Source data:
○ ○ ○

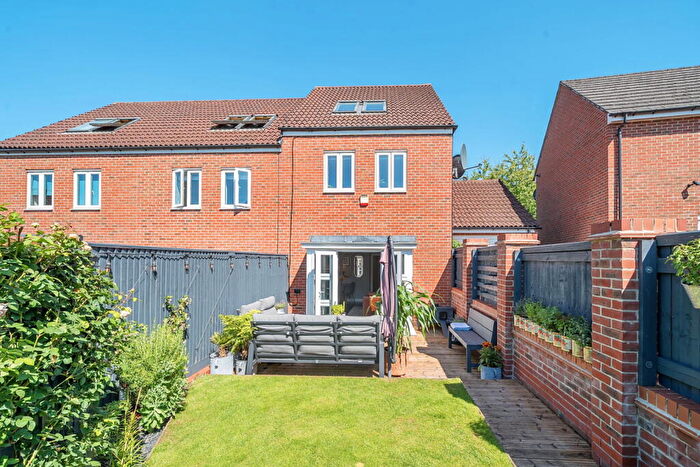 3 Bedroom Semi-Detached House For Sale In Kew Close, Basingstoke, RG24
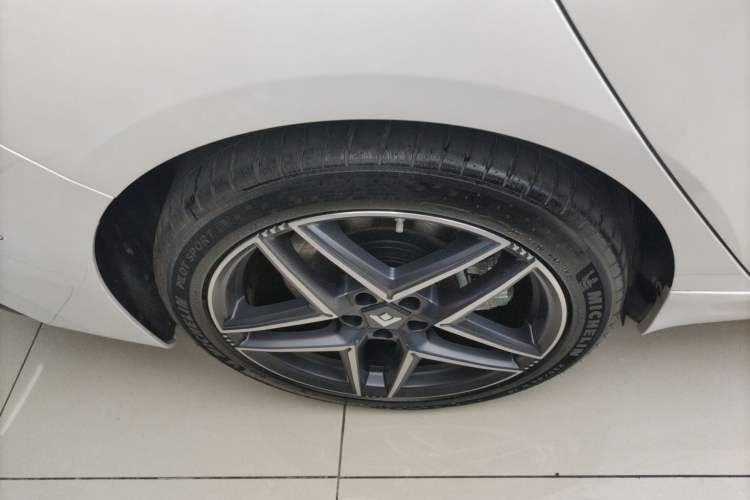 Used Hyptec GT 2025 710 Max Edition Exterior 8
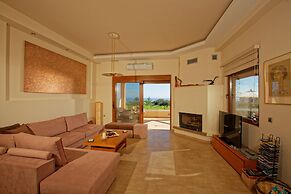 Cretan Vineyard Hill Villa Private Pool, Panoramic View, Beautiful Vin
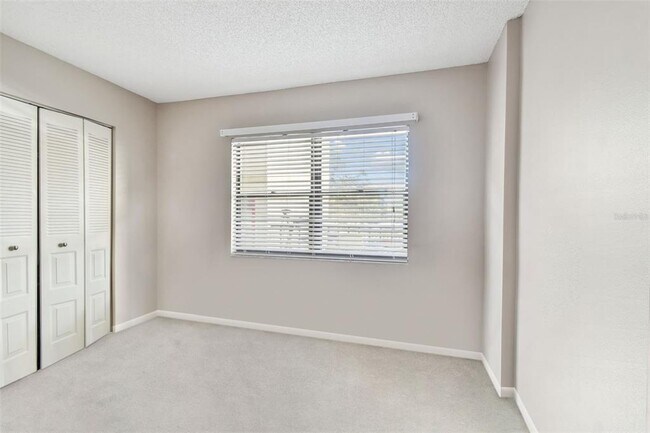 Building Photo - 2700 Cove Cay Dr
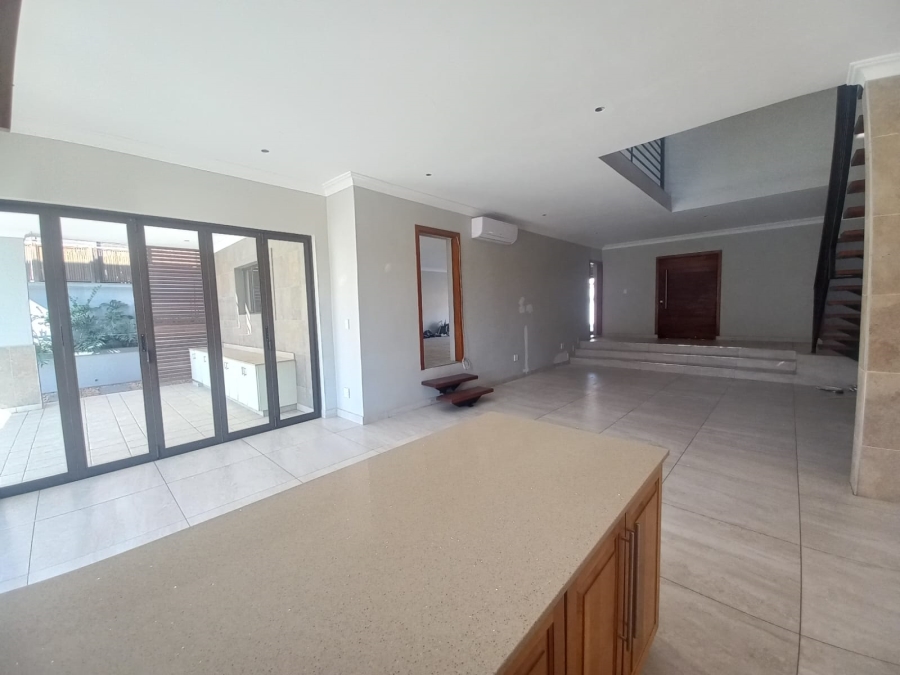 To Let 6 Bedroom Property for Rent in Izinga Estate KwaZulu-Natal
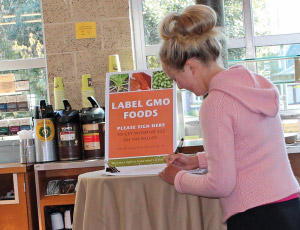 woman signing I-522 petition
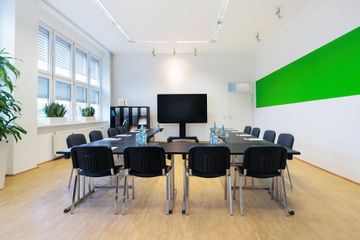 Düsseldorf Kunden-Meeting Meetingraum Raum Valencia image 2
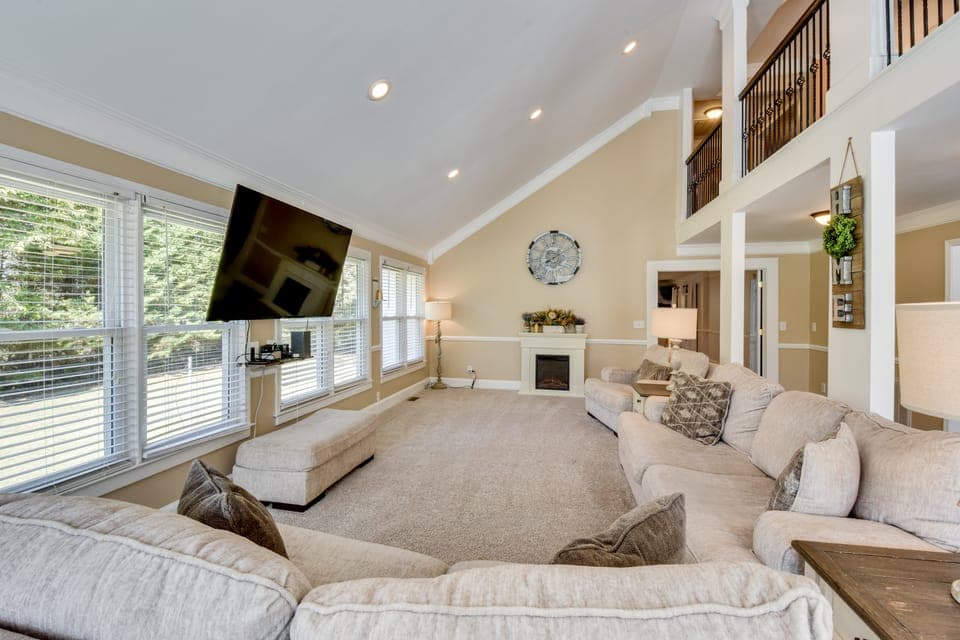 Spacious Anderson Home: Great for Group Retreats House in South Carolina
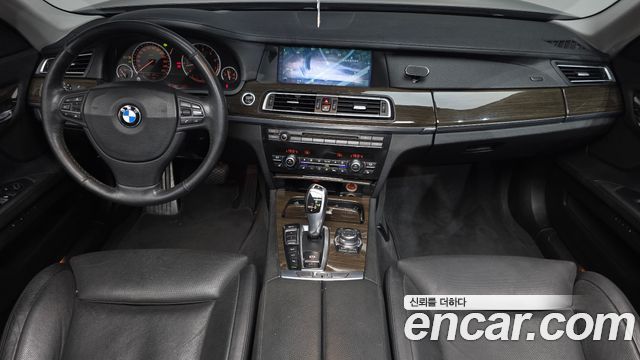 BMW 7 Series (F01) 750Li xDrive 2012 — фото 7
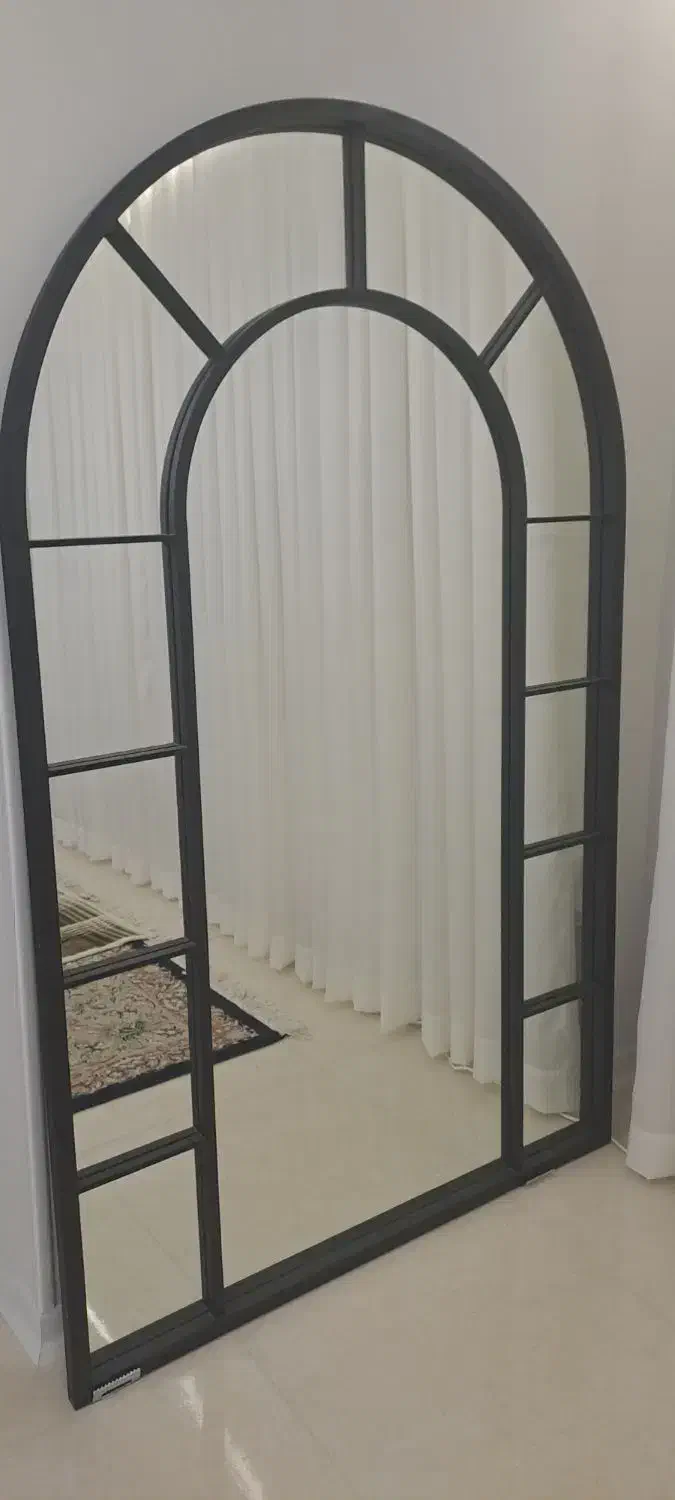 آیینه بزرگ|آینه|زنجان, |دیوار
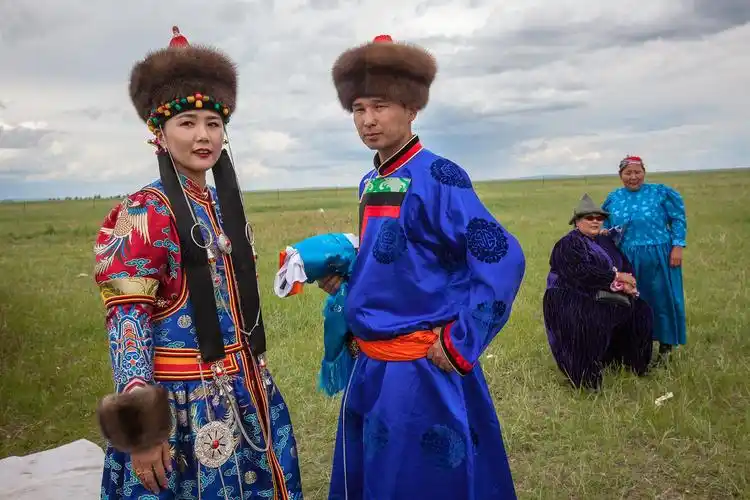 发布时间:2019-09-30 分享 评论 喜欢 草原婚礼上的布里亚特蒙古人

○ ○ ○

Instructions to follow: Copy out, unchanged, the span of lines beginning with the one that includes "Cretan Vineyard Hill" and running through the final line of the material above. Leave the pictures out.

Response to this task:
 Cretan Vineyard Hill Villa Private Pool, Panoramic View, Beautiful Vin
 Building Photo - 2700 Cove Cay Dr
 To Let 6 Bedroom Property for Rent in Izinga Estate KwaZulu-Natal
 woman signing I-522 petition
 Düsseldorf Kunden-Meeting Meetingraum Raum Valencia image 2
 Spacious Anderson Home: Great for Group Retreats House in South Carolina
 BMW 7 Series (F01) 750Li xDrive 2012 — фото 7
 آیینه بزرگ|آینه|زنجان, |دیوار
 发布时间:2019-09-30 分享 评论 喜欢 草原婚礼上的布里亚特蒙古人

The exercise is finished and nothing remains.